What seemed to be an appropriate pivot away from intense focus on Ukraine has been short lived, as Ukrainian sovereignty is yet again near the top of the Biden administration’s foreign policy priorities. Because of the buildup, CIA Director Bill Burns went to Moscow earlier this month, and spoke to Putin on the phone regarding the situation around Ukraine while there.
Some U.S. officials are even warning European allies that Russia is poised to possibly invade Ukraine; however, said European governments have reportedly not yet been provided with the United States’ intelligence that lead officials to suggest an invasion is on the table, which would likely have to occur before the U.S. and European allies could agree on an appropriate collective response. Dmitry Peskov told Bloomberg that this U.S. intelligence was “empty and unfounded efforts to exacerbate tensions.
This is far from the first time Russia has gathered large numbers of troops along its border with Ukraine. Tensions rose earlier this year in the spring when the United States and NATO allies claimed Russia had positioned 100,000 troops, as well as a number of tanks and warplanes, near its border with Ukraine. Those tensions died down after Biden spoke with Putin over the phone, and the two agreed to meet at a summit, which took place in June at a villa in Geneva, Switzerland.
Furthermore, the deterrent of NATO’s naval presence in the Black Sea, whether analyzed at its current level or at the level desired by the Republican authors of the letter, “depends on what the United States is prepared to do with them,” Anatol Lieven, a senior research fellow for the Quincy Institute for Responsible Statecraft, told TAC.
Thus far, NATO’s presence in the Black Sea “has been largely symbolic,” Lieven said.
However, even if the United States was mentally prepared to take drastic action against Russia with NATO forces in the Black Sea, it may be unable to do so, because “Turkey is not a reliable ally of the west anymore, and you can’t get ships into the Black Sea except by going through Turkey,” Lieven went on to say. “The idea that Turkey would allow NATO ships to make their way into the Black Sea in the event of war with Russia is, to put it mildly, a little bit optimistic.”
In the event NATO and the United States managed to get its ships through the Bosphorus strait, it would likely be all for nought, Lieven added. “You don’t deploy large scale NATO naval forces in an enclosed area of sea where the other side has air superiority. The whole thing is completely crazy in military terms.”
As Turner did in his interview with Carlson, the Republican signatories may try to deny that they want to see American troops deployed in Ukraine, or at least close enough to make a difference if Russia were to invade. But, just as Turner nodded along when Carlson said he “called for sending American troops to Ukraine” prior to his denial, when push comes to shove, these Republicans seem to believe sending soldiers to Ukraine should be an option on the table.

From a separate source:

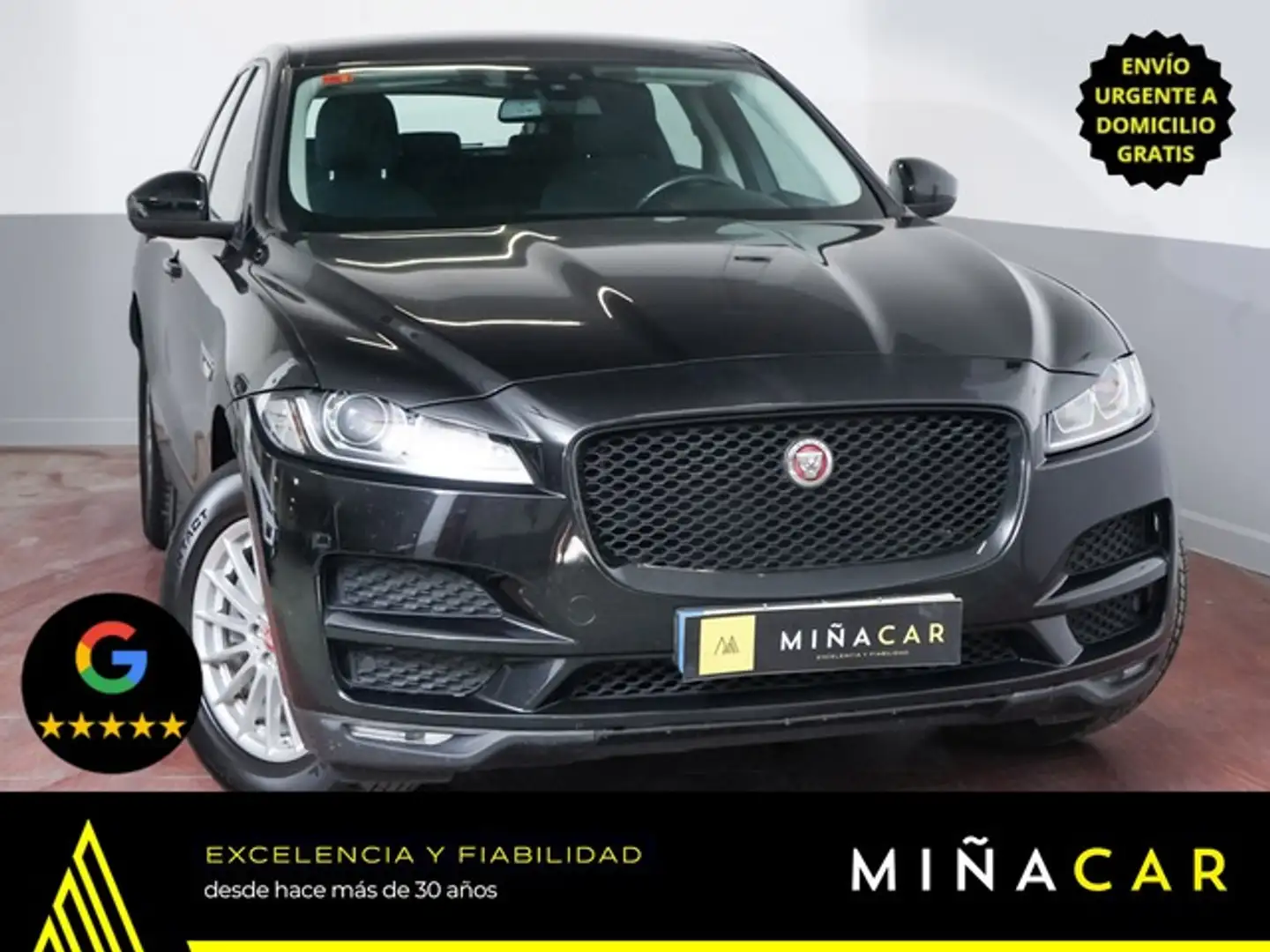 Jaguar F-Pace 2.0i4D Pure AWD 180 Negru - 1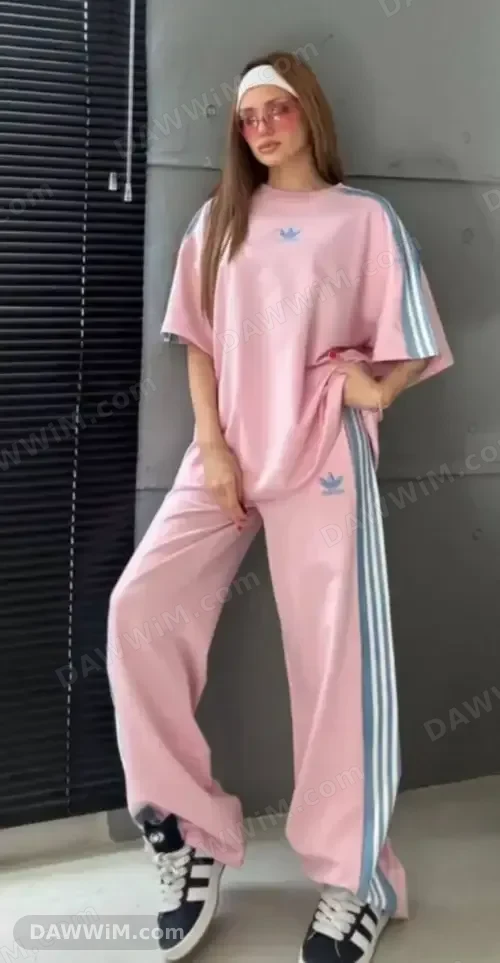 طقم قطن صيفي نسائي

To make matters worse, it seems Russia hawks remain ambiguous on whether the purpose of U.S. security aid is protecting what’s left of what Ukraine believes to be its sovereign territory or recapturing what it has lost since 2014. No matter what someone thinks of the legality of Russia’s annexation of Crimea, or the legitimacy of the pro-Russian forces at work in the Donbas, Russia firmly believes it to be its own, and will counter attack as if there had been an assault on the Russian homeland.
“If America was planning to seriously prepare for a ground war with Russia, it would have to re-deploy tens or hundreds of thousands of U.S. troops to Europe with full air cover, and station them in European countries, which might very well not be willing to receive them,” Lieven told TAC. “In addition, this would mean either preparing to fight a war of two fronts simultaneously with China and Russia, because if the United States goes to war with Russia, there can be no doubt whatsoever that China would move to take Taiwan the next day, and the U.S. would have to either fight on two fronts, give up on one front, or lose on both fronts.”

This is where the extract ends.